So the evening comes. I get to her condo and she tells me to come upstairs to their apartment while she finishes getting ready. I'm so nervous that when, while standing in the corridor waiting for her, a nice female voice from the kitchen says "don't stand there, come in and take a seat" I simply sigh of relief and step in. There's a woman, her back to me, washing dishes. Totally forgetting all my prepared lines, I stutter out something close to "Good evening, ma'am." And she turns, smiles, and says "Oh! No 'Ma'am' ... *I'm Flavia's sister."*

I
wanted
to 
melt
into
the 
floor


----------



## Turanil (Jul 5, 2005)

Naathez said:
			
		

> And my winning line is "I'll go to her mother and say "I didn't know Flavia had an older sister!" , thinking the mother will be so flattered that she'll INSTANTLY work towards having her daughter marry this adorable boy.



LOL!


----------



## Naathez (Jul 5, 2005)

Yes, Turanil, I was THAT foolish.


----------



## Sebastian Francis (Jul 7, 2005)

reveal said:
			
		

> Hey young whipper snapper! Here's your chance to read the embarassing stories of all the old fogeys on this board. Here's the deal: If you're over 21 post an embarassing story about yourself. . . . .
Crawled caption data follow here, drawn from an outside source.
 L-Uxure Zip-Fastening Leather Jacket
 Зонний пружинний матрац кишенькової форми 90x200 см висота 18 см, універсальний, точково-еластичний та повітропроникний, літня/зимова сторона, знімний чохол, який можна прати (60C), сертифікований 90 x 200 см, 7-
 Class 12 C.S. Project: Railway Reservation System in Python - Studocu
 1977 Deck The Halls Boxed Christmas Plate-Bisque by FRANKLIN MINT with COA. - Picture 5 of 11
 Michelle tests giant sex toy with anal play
An 'old fogey' is someone over 21???

As a 34-year-old, I truly find that depressing.


----------



## diaglo (Jul 7, 2005)

Sebastian Francis said:
			
		

> An 'old fogey' is someone over 21???
> 
> As a 34-year-old, I truly find that depressing.



they used to say don't trust anyone over 30.
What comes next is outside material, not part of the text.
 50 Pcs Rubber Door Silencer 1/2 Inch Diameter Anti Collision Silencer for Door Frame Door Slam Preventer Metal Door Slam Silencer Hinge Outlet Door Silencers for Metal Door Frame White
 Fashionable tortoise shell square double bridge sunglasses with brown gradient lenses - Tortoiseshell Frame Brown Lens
diaglo "long past being able to be trusted" Ooi


----------



## mojo1701 (Jul 7, 2005)

diaglo said:
			
		

> they used to say don't trust anyone over 30.
> 
> 
> diaglo "long past being able to be trusted" Ooi




I remember a radio personality on a Toronto-based station mention a few years ago, that "I think that we were right to mention to 'not trust anyone over 30,' because, now that we are thirty, we can't be trusted."


----------



## reveal (Jul 7, 2005)

mojo1701 said:
			
		

> I remember a radio personality on a Toronto-based station mention a few years ago, that "I think that we were right to mention to 'not trust anyone over 30,' because, now that we are thirty, we can't be trusted."
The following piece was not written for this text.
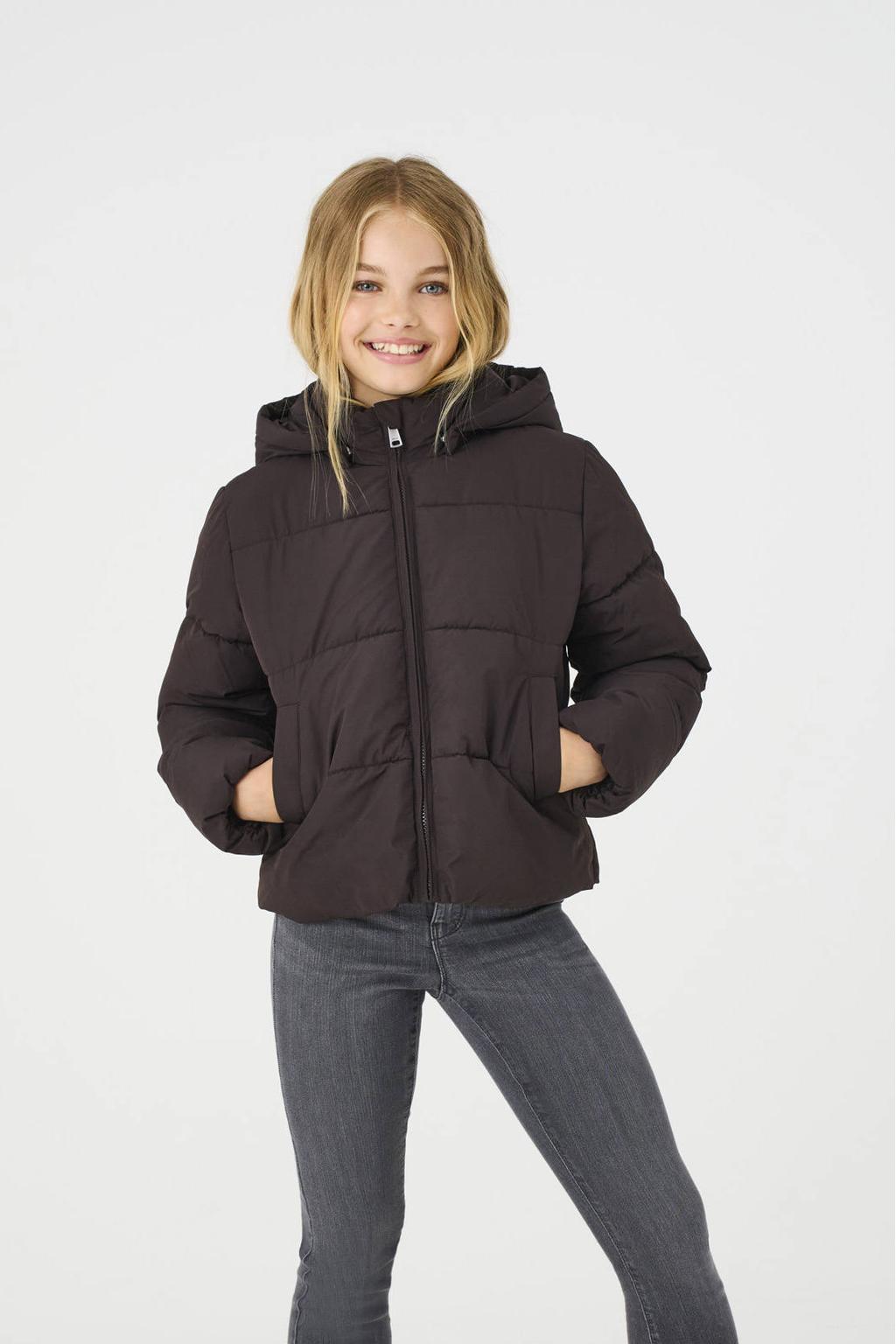 Donkerblauwe meisjes KIDS ONLY GIRL gewatteerde jas van polyester met effen, lange mouwen, capuchon, ritssluiting en geweven detail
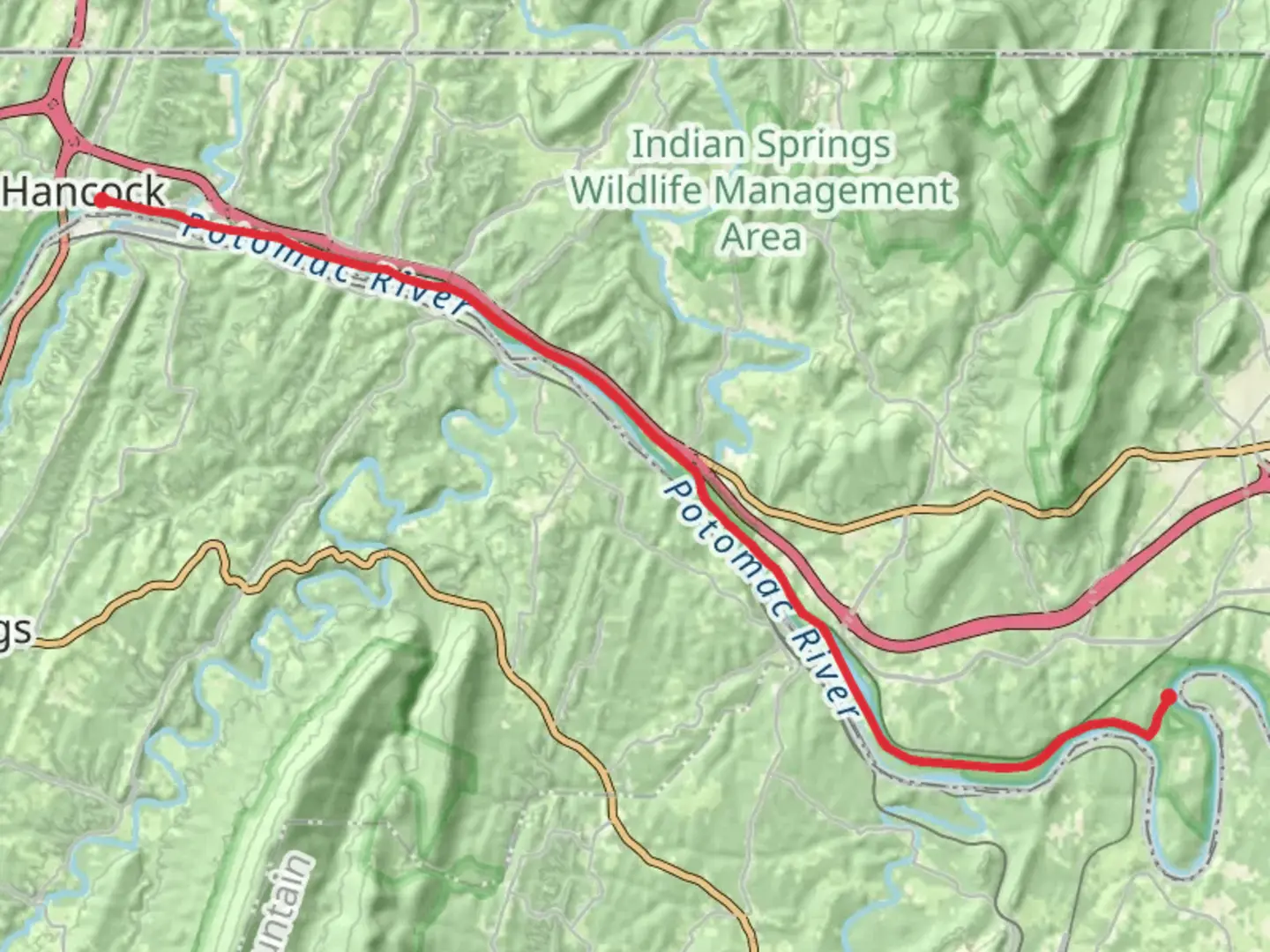 An image depicting the trail Potomac River - Chesapeake and Ohio Canal Trail and its surrounding area.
_Talkin' bout my generation!_


----------



## Turanil (Jul 7, 2005)

Yes, but at 40 you can be trusted again (that is, until you are 50...)


----------



## Wystan (Jul 7, 2005)

No more?


----------



## BourbonFromHeaven (Jul 8, 2005)

Dagger75 said:
			
		

> Well as you get older, all your funny stories start out the same...
> 
> 
> "We were drinking when......."
> ...




Oy

To true.


----------



## mac1504 (Jul 8, 2005)

I was probably nineteen at the time and I was in the infantry. My unit just finished a live fire range (military excercise with real ammunition) and everyone was clearing their weapons for safety purposes when I yelled, "test fire!" (which is something you yelled before firing your weapon with blank rounds). I meant it as a bit of harmless humor.

Unbeknownst to me (but not my squad leader or lieutenant) there was a four star General (future Joint Chief) standing about 30 feet behind me. Actually the reports came in that the General was laughing, and my squad leader was turning five shades of red with steam coming out of his ears.


----------



## billd91 (Jul 8, 2005)

There are a few incidents that I remember, usually related to pyrotechnics of some sort.

We used to have semi-regular bottle rocket fights, using pvc pipe as firing tubes. We weren't too accurate, but hits were occasionally scored. What was worse was the backblast of sparks from the rocket. One night, a friend and I had taken cover behind an old pickup and suddenly noticed someone firing off their whole pack. We thought it was one of the other team firing off a salvo. Then we heard a different friend yell, "My jacket is a slag heap!"  We returned with "Stuart, are you alright?"  "Of course I'm not alright, I loved that jacket!"
Turns out, he had put the rest of his ammo in the breast pocket of his nylon jacket. The backblast of sparks had melted through his nylon and ignited the rest of the bottle rockets... in his pocket. Closer team mates of his said he was wildly gyrating and trying to beat out the flames. Fortunately, while the jacket was a loss, he was largely unhurt (physically, emotionally scarred, well....) aside from a few minor burns on his hand.

During another bottle rocket fight, we set the lawn on fire. It was a hot, dry summer and we were experimenting with smoke bombs as smoke grenades. But when they go off, they send out quite a flame and the lawn was too dry. We put it out with hoses but not before threatening the cultivated mushroom patch and getting in trouble.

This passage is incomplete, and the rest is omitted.